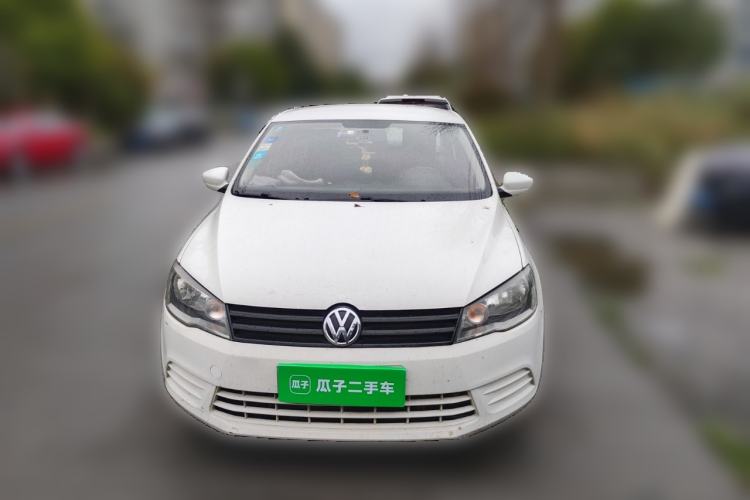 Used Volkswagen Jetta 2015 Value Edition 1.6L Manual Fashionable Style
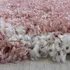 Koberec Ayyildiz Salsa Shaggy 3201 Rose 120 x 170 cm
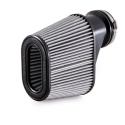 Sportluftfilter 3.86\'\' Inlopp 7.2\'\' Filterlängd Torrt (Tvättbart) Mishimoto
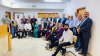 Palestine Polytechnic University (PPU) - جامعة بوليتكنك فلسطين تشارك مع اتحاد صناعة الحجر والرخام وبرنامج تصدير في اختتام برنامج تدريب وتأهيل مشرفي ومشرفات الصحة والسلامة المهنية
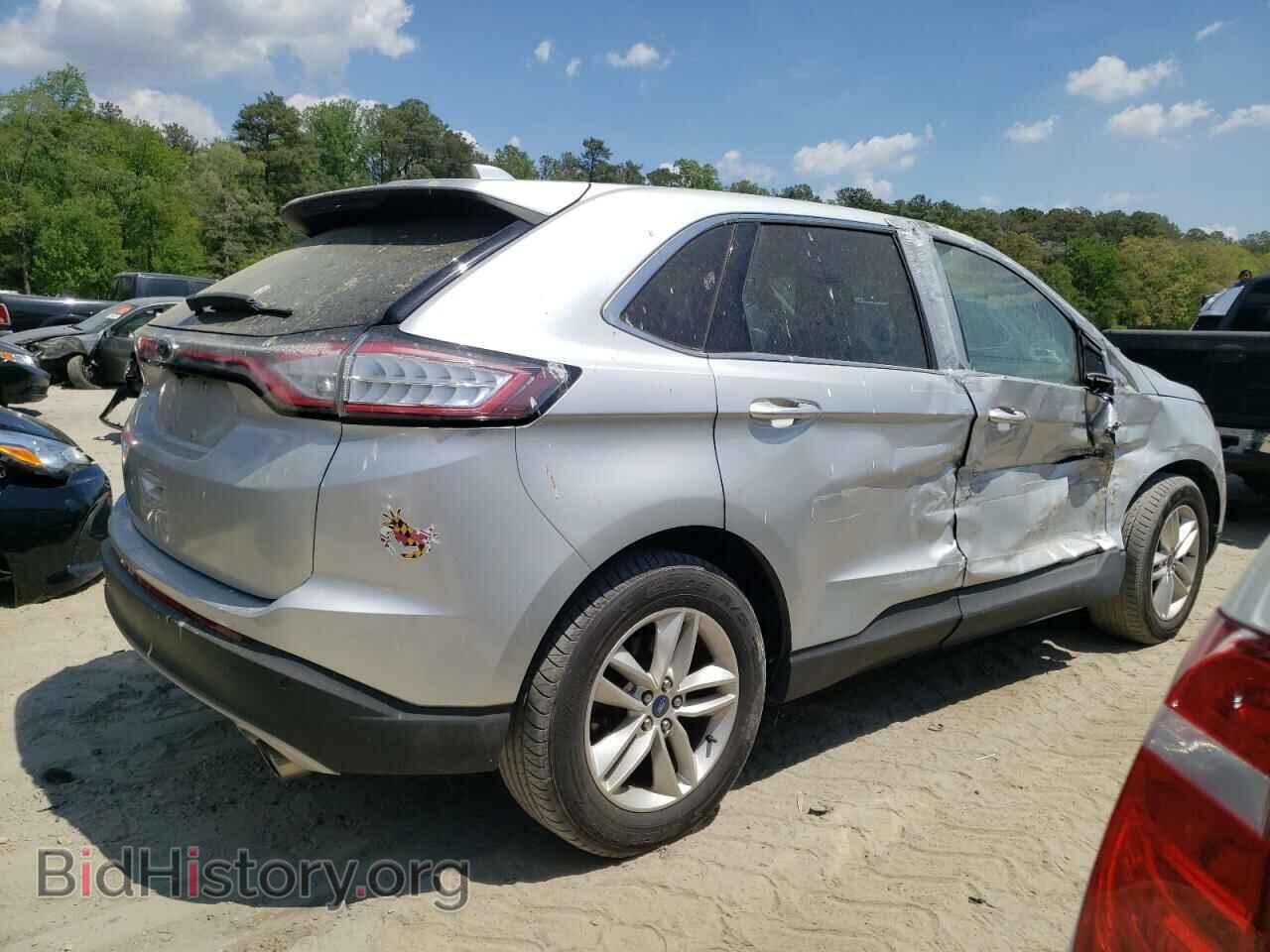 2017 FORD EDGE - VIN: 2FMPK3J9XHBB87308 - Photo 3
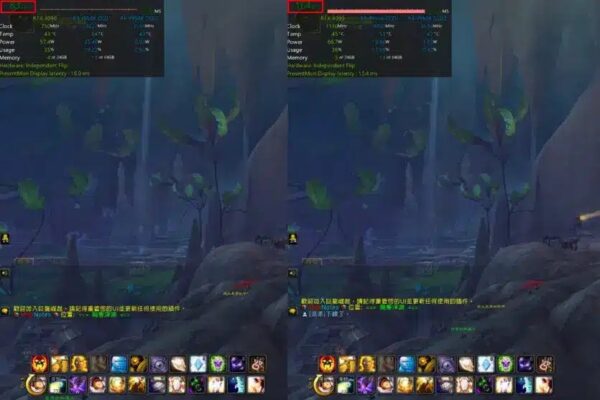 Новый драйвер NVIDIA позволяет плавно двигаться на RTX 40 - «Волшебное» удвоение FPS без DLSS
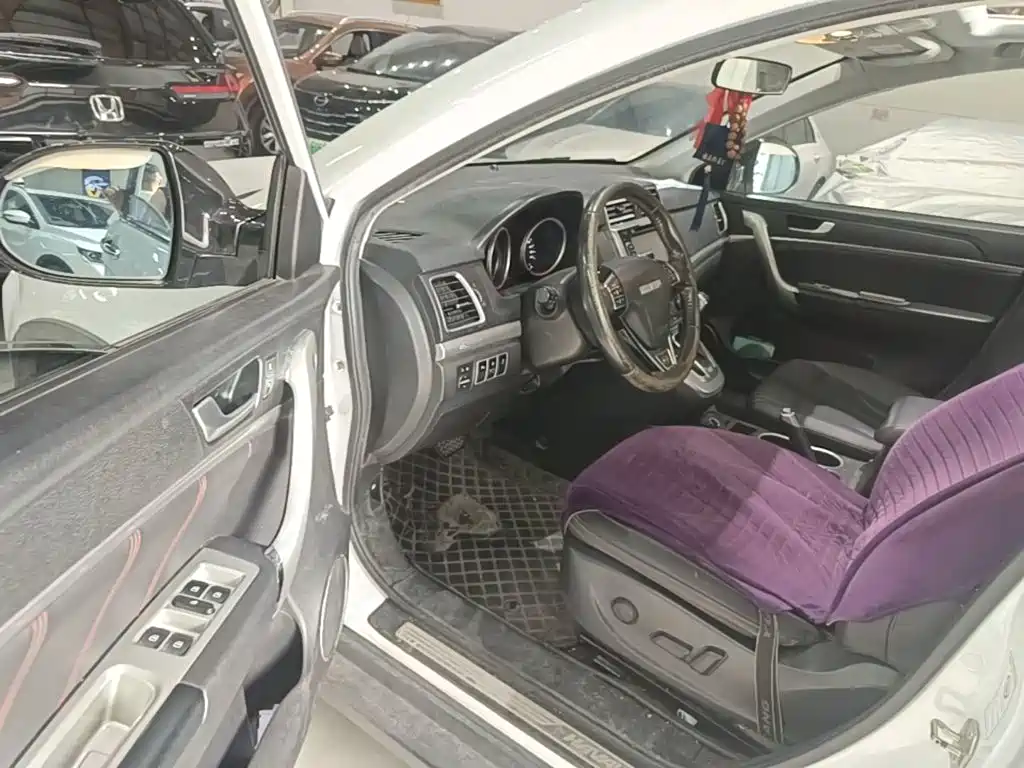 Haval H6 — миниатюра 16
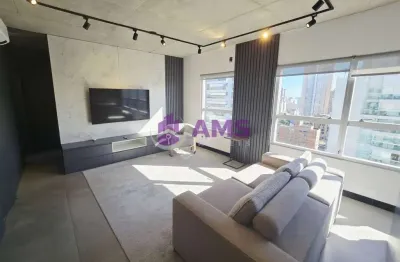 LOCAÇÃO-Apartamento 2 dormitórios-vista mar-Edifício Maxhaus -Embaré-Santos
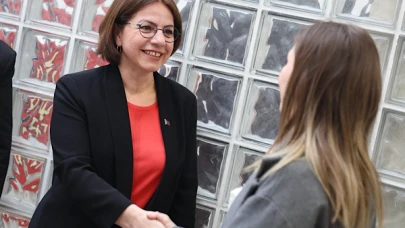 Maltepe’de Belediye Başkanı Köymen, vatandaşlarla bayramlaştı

**WHAT TO WORK ON**
Above are records; write out the lines from the one with "Palestine Polytechnic University" down to the one with "2017 FORD EDGE", exactly, leaving the pictures out.

**RESULT OF THE EXERCISE**
 Palestine Polytechnic University (PPU) - جامعة بوليتكنك فلسطين تشارك مع اتحاد صناعة الحجر والرخام وبرنامج تصدير في اختتام برنامج تدريب وتأهيل مشرفي ومشرفات الصحة والسلامة المهنية
 2017 FORD EDGE - VIN: 2FMPK3J9XHBB87308 - Photo 3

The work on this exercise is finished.